Return, word for word, the lines of the listing below from the one with "Ashford & Simpson - Count Your Blessings" through the one with "Julio Martin Velasquez", and no other lines.

- Extracted entries:
|---|

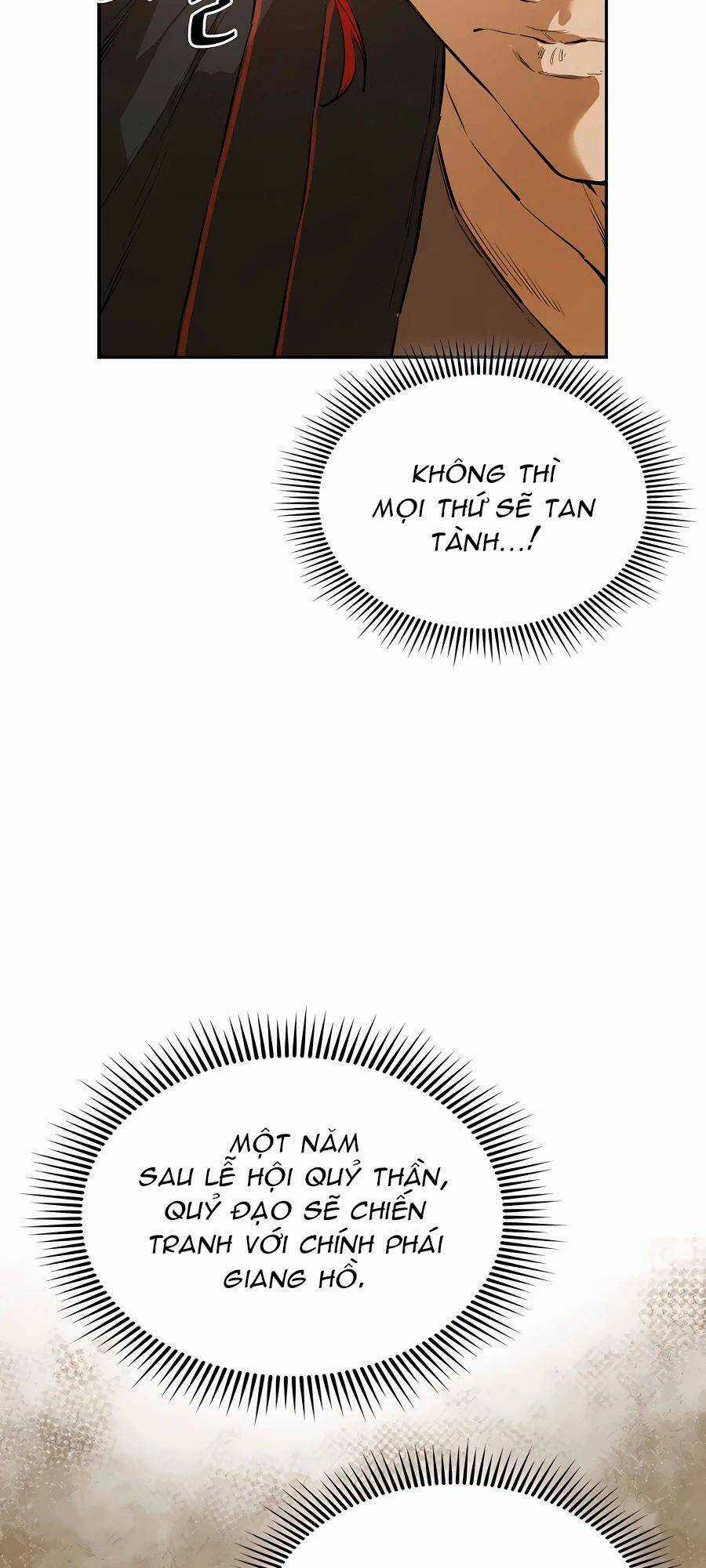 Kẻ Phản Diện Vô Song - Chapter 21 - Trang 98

|---|

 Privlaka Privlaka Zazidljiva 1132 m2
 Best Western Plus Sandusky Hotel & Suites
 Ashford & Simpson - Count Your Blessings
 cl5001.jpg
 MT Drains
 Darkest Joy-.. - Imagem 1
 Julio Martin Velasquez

|---|

- Result:
 Ashford & Simpson - Count Your Blessings
 cl5001.jpg
 MT Drains
 Darkest Joy-.. - Imagem 1
 Julio Martin Velasquez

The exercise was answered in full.